After a chance, fleeting meeting with the free-spirited dancer Elise Sellas (Emily Blunt) in a toilet, which isn’t as seedy as it sounds, he’s inspired to can his pre-prepared soundbites and deliver a heartfelt, truth-laden speech that immediately puts him to the front of the race for the next election race. However, he loses contact with Elise.
Turns out that wasn’t entirely his fault, as we’re introduced to the operatives of the Adjustment Bureau and their awesome hats. They’ve been making micro-adjustments to the course of David’s life to ensure that he progresses in accordance with the plans laid out for him, which do not call for a life with Elise. When one of these ‘adjustments’ is botched, Norris walks in on a team changing someone’s mind with their strange powers. Or sufficiently advanced technology. Or something, anyway.

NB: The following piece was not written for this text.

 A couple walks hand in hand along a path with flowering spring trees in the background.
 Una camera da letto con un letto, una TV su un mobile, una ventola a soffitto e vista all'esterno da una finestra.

Norris is threatened to either hold his tongue about what he’s seen – and who would believe him anyway? – or be lobotomised. Unsurprisingly, he opts for the former, until a few years later Norris again meets with Elise by chance, prompting a full scale panic in the Bureau to split the lovestruck pair up.
Soon, Terence Stamp shows up playing heaven’s thug on the authority of the mysterious Chairman, saying almost literally that he should tow the line or he’ll start breaking legs. Chafing at this, Norris manages to use some of the Bureau’s powers against them after finding a sympathiser, and heads off to their HQ in search of an explaination.
While President Obama might not have appreciated Matt Damon’s performance, I’ve no bones to pick with it, and there’s a believable chemistry between him and Elimy Blunt. The story makes for thought-provoking viewing, and the pacing is punchy and dynamic.
It even manages to get around my usual automatic hackle-raising as soon as religion is introduced as a reason behind anything by taking a particularly unorthodox view. Here ‘the chairman’ is by no means omnipotent or omniscient. At the very least, I’m pretty sure there’s no part of Christian theology that portrays heaven and angels as, essentially, the offices and staff from Mad Men.
It’s a very entertaining watch and features awesome hats, so therfore gets a seal of recommendation from this scrivvener at the very least.